In all, roughly 17 musical acts played five different spaces, creating a mini-festival vibe as groups of pwyc patrons floated from space to space. Which was sort of the point - bring a summer festival format to the winter, without having to freeze.
Amidst the gorgeous smell of Christmas tree (actually an "Xmas tree installation" by Chris Foster that turned the main room into Narnia), Rae Spoon played tunes from their latest release My Prairie Home. Solo, Spoon managed to sound like a full band, and demonstrated the same self-assured stage-presence and musicianship as they have in much-smaller spaces. Later, Toronto's Hidden Cameras brought nine musicians onstage to preview their album, Age, which drops later this month. The collective liveliness of such an orchestra contrasted with lead singer Joel Gibb's sombre, baritone vocals always makes for an engaging live show, and Friday's occasion was no different.

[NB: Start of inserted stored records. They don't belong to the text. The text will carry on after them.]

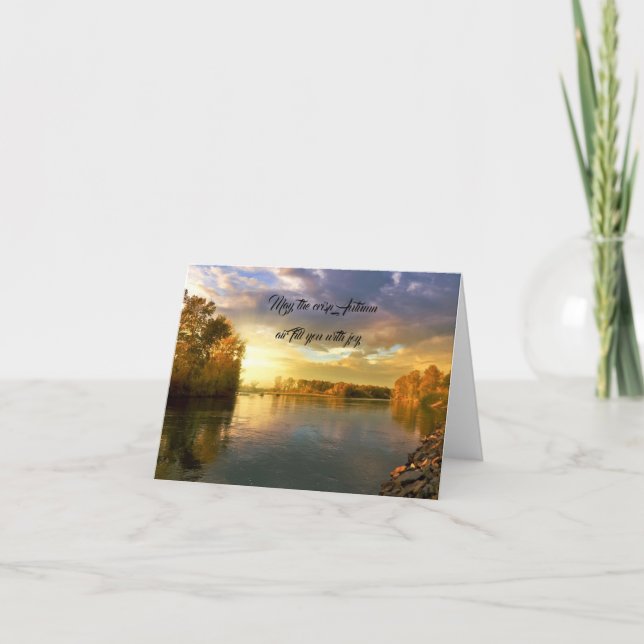 Autumn lake scene card (Front)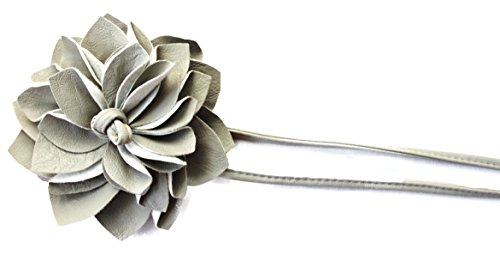 CAISHA Gürtel Hüftgürtel Wickelgürtel Leder Look mit extravaganter Blume Grau WG9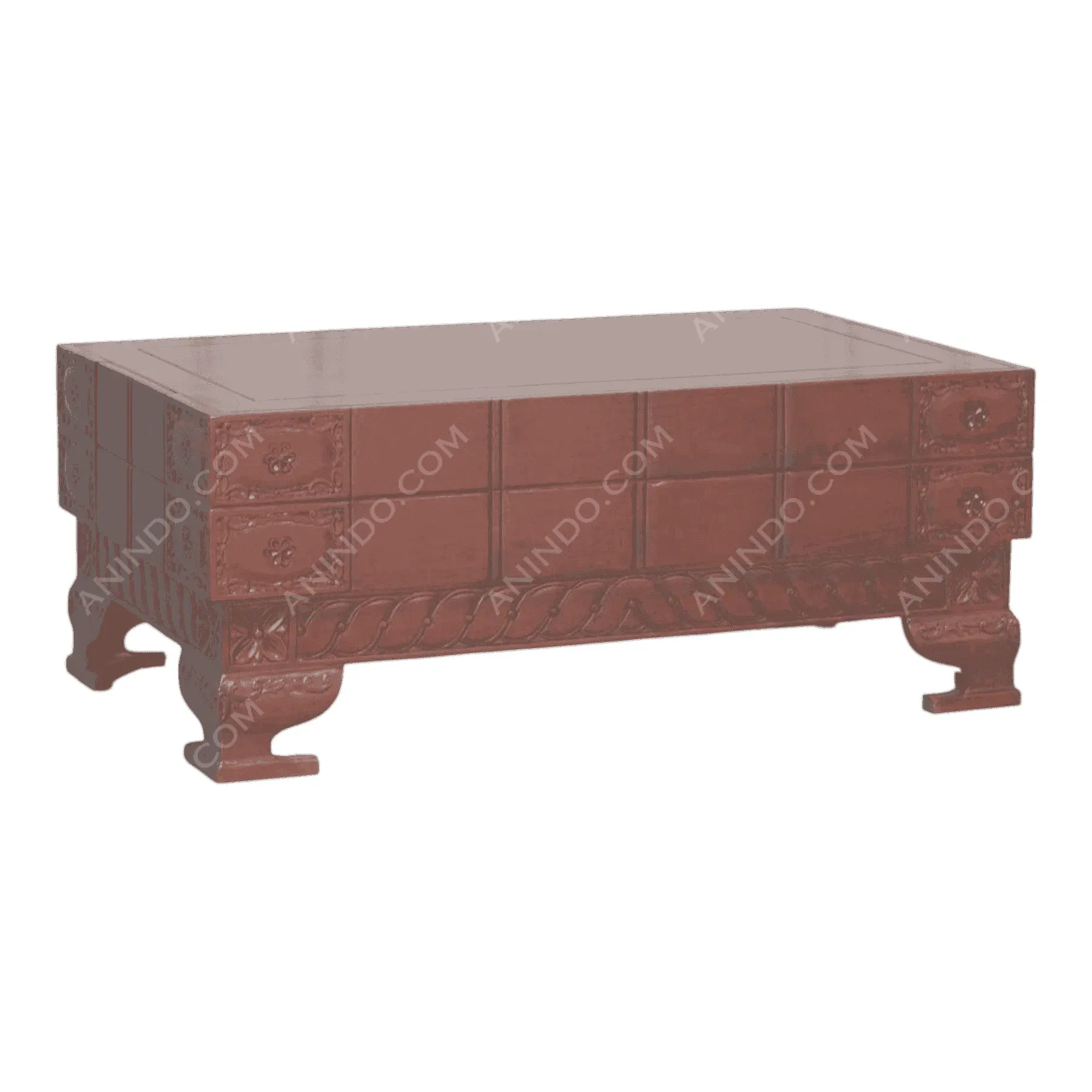 Vintage wooden coffee table with carved details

Meanwhile, down in the restaurant, a topless B.A. Johnston made sure than everyone who didn't have a great view could get up close and personal as he cut through the crowd and jumped on the bar. ("I should rip off Rich Aucoin more often," he said after.) Singing about GST (Gimme Some Treats!) and making tasteless jokes (one about his mother and a coathanger), Johnston's down-on-his-luck stage persona was in full, depressingly hilarious effect.
The most aesthetically pleasing room was the Conversation Room, whose white walls changed colour with reflective light. Unfortunately, it also has the worst sight lines, but the masses didn't seem to mind as they packed in throughout the night, especially for Weaves' 12:30 set.
Other cool things: A Long Winter split 7-inch for the first 350 people in the doors, dance by female collective WIVES, and an hour-long late-night talk show with Vish Khanna, on which (full disclosure) this writer was a participant.